_Data records_:
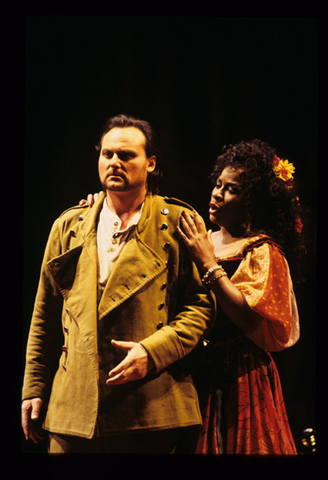 Walter Fraccaro (Don José), Denyce Graves (Carmen), Carmen, Georges Bizet. San Francisco Opera, 1997-98. Photographer: Marty Sohl/San Francisco Opera.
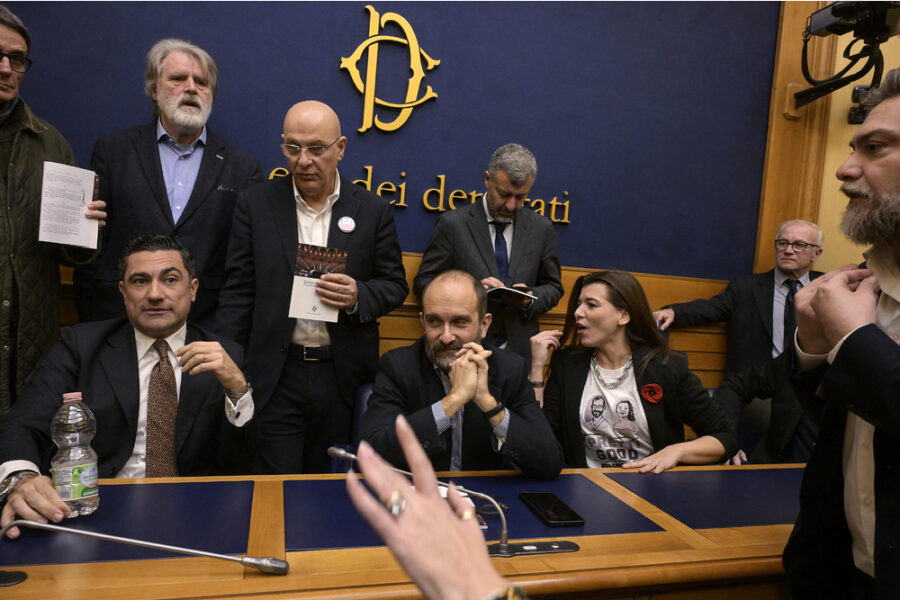 E' la decisione dell'ufficio di presidenza per l'occupazione della sala stampa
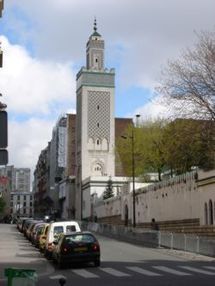 Construction de la Zawiya Seydi El Hadj Malick de Paris : Une Action concrète au Service de la Tidjaniya Construction de la Zawiya Seydi El Hadj Malick de Paris : Une Action concrète au Service de la Tidjaniya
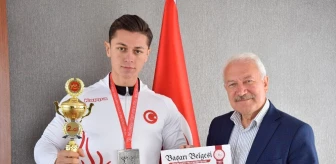 Lapsekili Vücut Geliştirme Şampiyonu Şener'e Belediye Başkanı Yılmaz'dan Destek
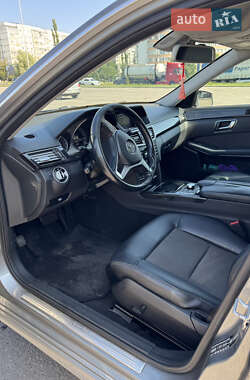 Седан Mercedes-Benz E-Class 2012 в 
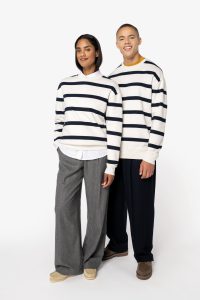 Ecologische gestreepte uniseks sweater met ronde hals en afhangende schouders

_Instructions to follow_:
Every entry above should be printed again exactly, except for the pictures.

_Task result_:
 Walter Fraccaro (Don José), Denyce Graves (Carmen), Carmen, Georges Bizet. San Francisco Opera, 1997-98. Photographer: Marty Sohl/San Francisco Opera.
 E' la decisione dell'ufficio di presidenza per l'occupazione della sala stampa
 Construction de la Zawiya Seydi El Hadj Malick de Paris : Une Action concrète au Service de la Tidjaniya Construction de la Zawiya Seydi El Hadj Malick de Paris : Une Action concrète au Service de la Tidjaniya
 Lapsekili Vücut Geliştirme Şampiyonu Şener'e Belediye Başkanı Yılmaz'dan Destek
 Седан Mercedes-Benz E-Class 2012 в 
 Ecologische gestreepte uniseks sweater met ronde hals en afhangende schouders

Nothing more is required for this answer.